The Cameroonian government has banned two Anglophone organisations amid ongoing tensions in its English-speaking areas. Now a security analyst has warned IBTimes UK that this action could send the English-speaking regions into a cycle of guerilla attacks by protesters against security forces.
In a letter dated 17 January made available to local media, the Cameroonian government banned all activities by CACSC and the the Southern Cameroons National Council. Barrister Nkongho Felix Agbor-Balla, president of the Cameroon Anglophone Civil Society Consortium (CACSC), and the group's secretary general, Dr Fontem Neba, were also arrested.
"Any other related groups with similar objectives or by anyone partisan to these groups, are hereby prohibited all over the national territory," the letter said, according to independent online news site Africa Times.

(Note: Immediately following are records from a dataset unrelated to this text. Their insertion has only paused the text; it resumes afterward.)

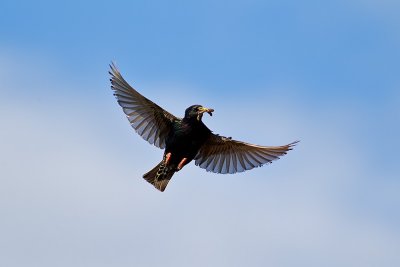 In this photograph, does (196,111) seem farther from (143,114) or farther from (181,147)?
(143,114)

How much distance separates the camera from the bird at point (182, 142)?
26016 millimetres

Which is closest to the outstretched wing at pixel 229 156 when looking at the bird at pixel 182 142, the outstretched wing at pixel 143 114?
the bird at pixel 182 142

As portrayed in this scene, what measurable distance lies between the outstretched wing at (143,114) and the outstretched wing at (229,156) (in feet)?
3.93

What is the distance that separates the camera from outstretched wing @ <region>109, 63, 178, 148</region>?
87.9 feet

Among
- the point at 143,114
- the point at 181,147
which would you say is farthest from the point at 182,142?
the point at 143,114

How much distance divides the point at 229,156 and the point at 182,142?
2278 mm

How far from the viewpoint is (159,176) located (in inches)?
1051

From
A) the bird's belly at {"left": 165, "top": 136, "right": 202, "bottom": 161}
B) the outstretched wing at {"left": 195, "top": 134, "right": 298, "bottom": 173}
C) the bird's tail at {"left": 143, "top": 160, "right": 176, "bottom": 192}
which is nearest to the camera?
the bird's belly at {"left": 165, "top": 136, "right": 202, "bottom": 161}

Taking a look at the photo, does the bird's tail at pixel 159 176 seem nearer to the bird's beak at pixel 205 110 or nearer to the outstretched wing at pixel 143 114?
the outstretched wing at pixel 143 114

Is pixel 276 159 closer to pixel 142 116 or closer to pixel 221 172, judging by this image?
pixel 221 172

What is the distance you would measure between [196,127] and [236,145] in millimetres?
2104

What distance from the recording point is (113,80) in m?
26.6

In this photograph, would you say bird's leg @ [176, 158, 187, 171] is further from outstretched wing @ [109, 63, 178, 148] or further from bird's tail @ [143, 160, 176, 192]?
outstretched wing @ [109, 63, 178, 148]

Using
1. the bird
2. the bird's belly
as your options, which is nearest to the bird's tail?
the bird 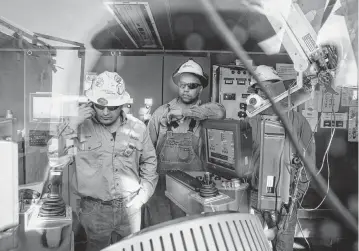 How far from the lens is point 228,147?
2.33 meters

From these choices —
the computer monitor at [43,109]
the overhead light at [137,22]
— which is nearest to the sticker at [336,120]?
the overhead light at [137,22]

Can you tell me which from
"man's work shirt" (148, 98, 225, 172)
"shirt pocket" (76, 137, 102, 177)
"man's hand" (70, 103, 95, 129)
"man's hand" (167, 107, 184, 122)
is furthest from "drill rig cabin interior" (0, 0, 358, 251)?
"man's hand" (167, 107, 184, 122)

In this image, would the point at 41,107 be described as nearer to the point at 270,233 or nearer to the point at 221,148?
the point at 221,148

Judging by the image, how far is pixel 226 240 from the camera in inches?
23.9

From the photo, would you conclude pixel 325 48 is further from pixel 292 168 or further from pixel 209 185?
pixel 209 185

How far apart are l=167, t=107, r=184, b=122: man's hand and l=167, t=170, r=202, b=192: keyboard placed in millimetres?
667

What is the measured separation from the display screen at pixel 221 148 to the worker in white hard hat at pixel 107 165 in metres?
0.62

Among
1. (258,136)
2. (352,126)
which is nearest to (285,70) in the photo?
(352,126)

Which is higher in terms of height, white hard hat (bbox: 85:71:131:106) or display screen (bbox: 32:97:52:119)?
white hard hat (bbox: 85:71:131:106)

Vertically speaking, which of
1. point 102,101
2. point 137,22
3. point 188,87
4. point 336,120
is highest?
point 137,22

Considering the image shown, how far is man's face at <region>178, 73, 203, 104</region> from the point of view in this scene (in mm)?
3420

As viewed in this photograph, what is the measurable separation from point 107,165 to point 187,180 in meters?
0.63

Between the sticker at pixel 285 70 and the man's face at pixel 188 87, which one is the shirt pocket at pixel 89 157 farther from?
the sticker at pixel 285 70

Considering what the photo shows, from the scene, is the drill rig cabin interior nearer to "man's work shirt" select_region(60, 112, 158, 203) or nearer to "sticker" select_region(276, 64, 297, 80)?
"sticker" select_region(276, 64, 297, 80) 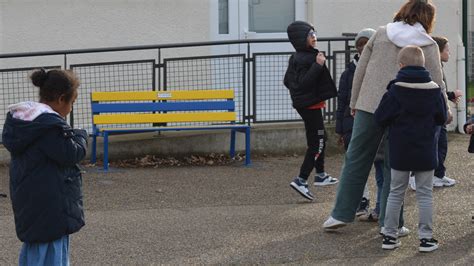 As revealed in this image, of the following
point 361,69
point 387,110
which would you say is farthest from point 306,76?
point 387,110

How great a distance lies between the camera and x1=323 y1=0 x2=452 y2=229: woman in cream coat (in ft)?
22.8

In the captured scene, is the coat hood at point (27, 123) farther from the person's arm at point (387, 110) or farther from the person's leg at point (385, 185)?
the person's leg at point (385, 185)

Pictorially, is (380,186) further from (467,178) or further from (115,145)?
(115,145)

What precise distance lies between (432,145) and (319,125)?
2.38 metres

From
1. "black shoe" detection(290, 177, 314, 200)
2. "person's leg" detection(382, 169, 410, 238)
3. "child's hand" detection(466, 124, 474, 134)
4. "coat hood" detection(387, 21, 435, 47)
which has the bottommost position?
"black shoe" detection(290, 177, 314, 200)

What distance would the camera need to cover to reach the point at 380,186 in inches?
305

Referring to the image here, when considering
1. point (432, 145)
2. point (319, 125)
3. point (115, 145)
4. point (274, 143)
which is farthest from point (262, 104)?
point (432, 145)

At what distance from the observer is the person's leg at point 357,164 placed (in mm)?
7156

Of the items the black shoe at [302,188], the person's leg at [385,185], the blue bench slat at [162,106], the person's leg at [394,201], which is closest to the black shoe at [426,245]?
the person's leg at [394,201]

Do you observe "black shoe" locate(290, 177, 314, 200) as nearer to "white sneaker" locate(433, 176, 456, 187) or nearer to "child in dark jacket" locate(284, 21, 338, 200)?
"child in dark jacket" locate(284, 21, 338, 200)

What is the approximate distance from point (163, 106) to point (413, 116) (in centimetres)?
482

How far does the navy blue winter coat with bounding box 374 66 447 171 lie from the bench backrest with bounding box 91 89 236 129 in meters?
4.38

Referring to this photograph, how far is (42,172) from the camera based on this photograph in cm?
503

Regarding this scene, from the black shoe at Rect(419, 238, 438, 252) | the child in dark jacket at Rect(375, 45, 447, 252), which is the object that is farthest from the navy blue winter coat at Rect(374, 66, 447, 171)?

The ban and arrests occurred on the second day of this week's so-called 'ghost town' strike in Buea and Bamenda, capitals of the south-west and north-west provinces, the country's only Anglophone areas.
Lawyers, teachers and students have been striking and protesting since October 2016 against perceived marginalisation and the use of French in courts and schools in the provinces. It is also believed internet was blocked in the two provinces.
The Cameroonian High Commisison in London has not responded to a request for comments.
Since last October, protests have resulted in the death of at least four protesters in Bamenda, according to police sources. Dozens have been arrested, with right groups calling on authorities to investigate on the deaths.
The Cameroonian government, which denied allegations of excessive force by military and police to quell protests, is engaging with the organisers of the strike. However, it has rejected calls for a referendum on a possible return to a federal system.
Some groups have also taken to the streets demanding a return to a federal state system and the breakaway of the north-west and south-west provinces and the restoration of 'Southern Cameroons', or the Republic of Ambazonia, a British mandate during colonisation.